Es por ello que, en esta oportunidad presentamos algunas señales de que se tiene una suegra tóxica.
- Opinan que se tiene mal gusto para decorar la casa: Esta es una señal que podría pasar desapercibida, pero en realidad es de las señales sutiles que nos muestran el perfil de una suegra tóxica, en primera porque luego de que nos lanza el comentario: “Escogiste el peor color para pintar la sala, le diré a mi hijo que piense en uno mas armonioso y lo cambie”.
- Comparación con parejas anteriores: Es La típica suegra que dice que la anterior pareja de su hijo cocinaba muy rico, y critica la manera en que se hace, ¡Es una suegra tóxica! La verdad, es que si ella no tienen nada positivo que decir, es mejor que guarde silencio. Lo que se recomienda cuando ella diga estos comentarios fuera de lugar es decir: “Que raro, su hijo está encantado con todo, somos muy felices”.

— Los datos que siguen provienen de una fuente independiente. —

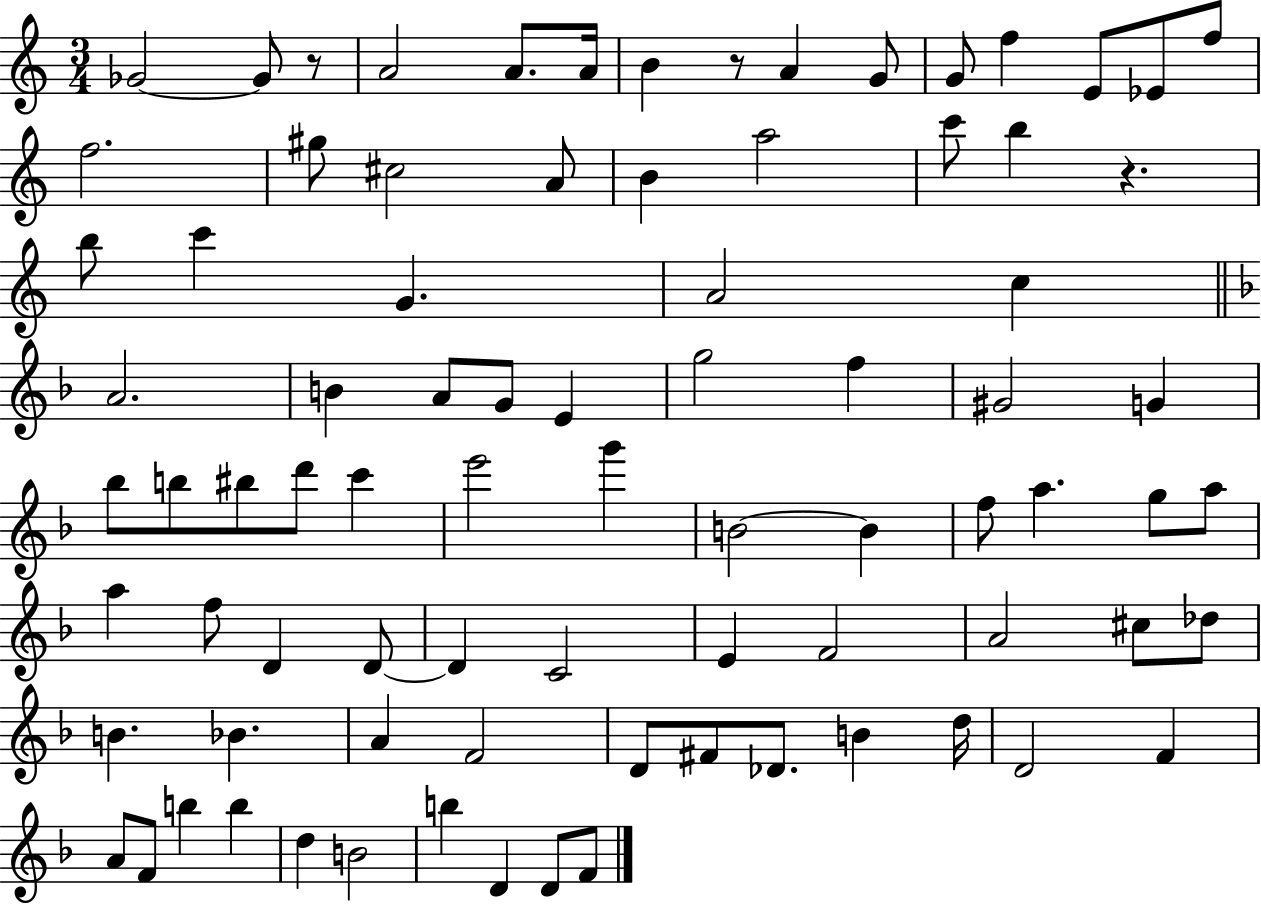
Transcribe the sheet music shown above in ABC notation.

X:1
T:Untitled
M:3/4
L:1/4
K:C
_G2 _G/2 z/2 A2 A/2 A/4 B z/2 A G/2 G/2 f E/2 _E/2 f/2 f2 ^g/2 ^c2 A/2 B a2 c'/2 b z b/2 c' G A2 c A2 B A/2 G/2 E g2 f ^G2 G _b/2 b/2 ^b/2 d'/2 c' e'2 g' B2 B f/2 a g/2 a/2 a f/2 D D/2 D C2 E F2 A2 ^c/2 _d/2 B _B A F2 D/2 ^F/2 _D/2 B d/4 D2 F A/2 F/2 b b d B2 b D D/2 F/2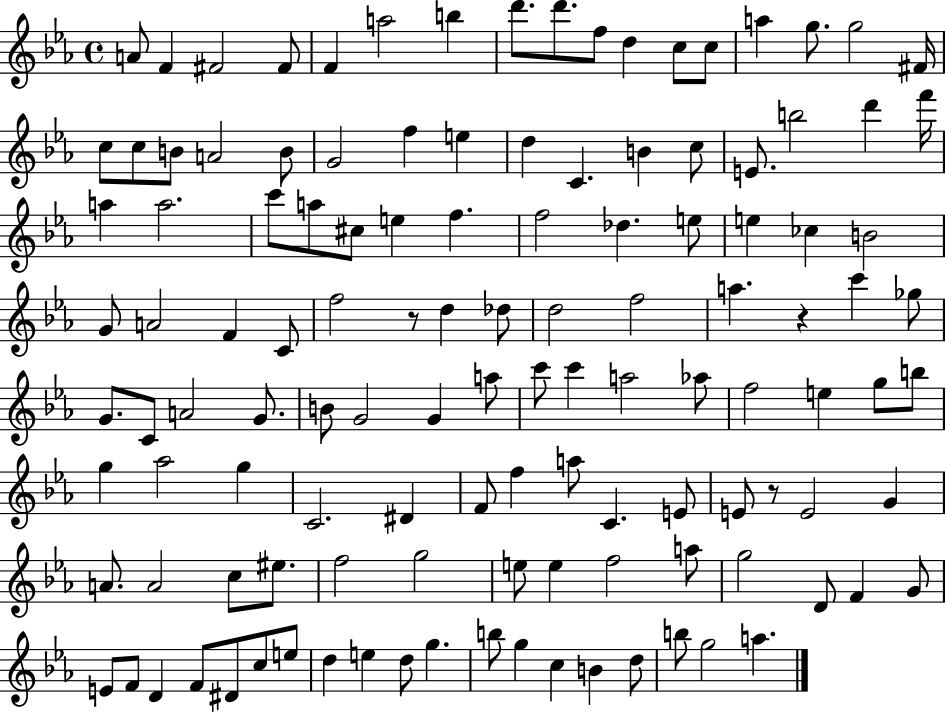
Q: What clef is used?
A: treble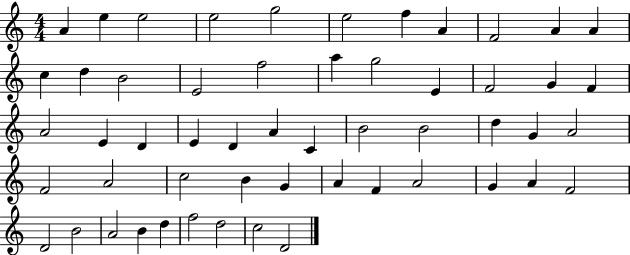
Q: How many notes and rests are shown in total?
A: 54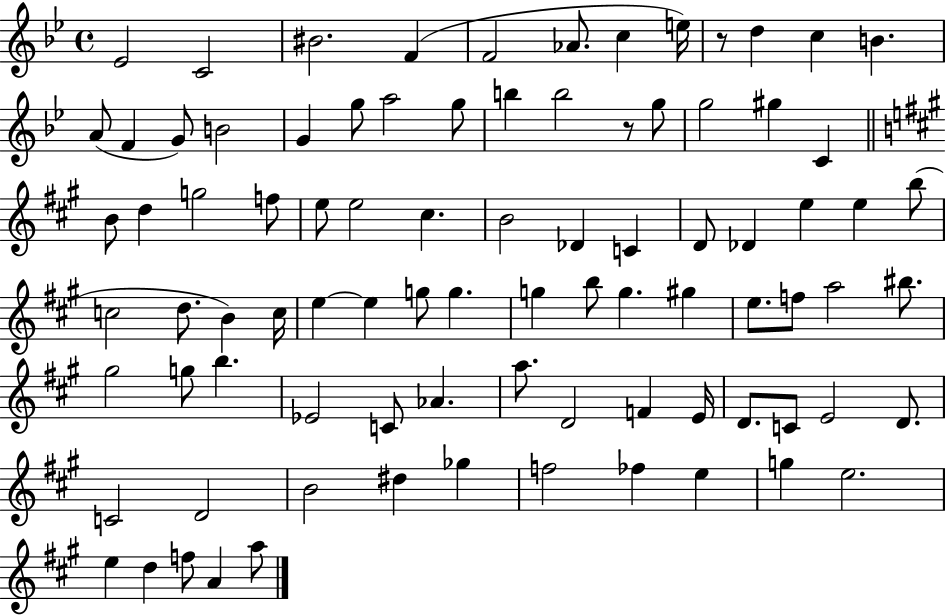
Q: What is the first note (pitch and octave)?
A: Eb4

Esto posiblemente la hará entender, que nada de lo que diga nos va a enfadar y mucho menos causar una discusión con nuestro esposo.

- Planes para todos: Esa suegra que llega con todo porque ya planeó un día de cocina para todos sin avisar, cuando ya teníamos planes de pasar un día a gusto solos. Esto es bastante molesto y sin que nos tiente el corazón, debemos rechazar la oferta de esta suegra, ya que le estaremos dando el mando de nuestra vida. Es mejor detenerla a tiempo.
- La llamada incómoda de cada rato: Esa suegra que quiere saber a toda hora qué se está haciendo, qué se va a hacer, que se va a comer, cómo estamos, etc. Un pergamino de pretextos que tienen las suegras tóxicas que terminan por llenar nuestro teléfono de llamadas repentinas durante todo el día.
Como consejo, se recomienda que desde un principio, se genere una especie de acuerdo con las mamás de cada uno, y establecer reglas estrictas en donde se le diga a ambas suegras que en la relación es solo de dos, y que solo dos pueden resolver los problemas.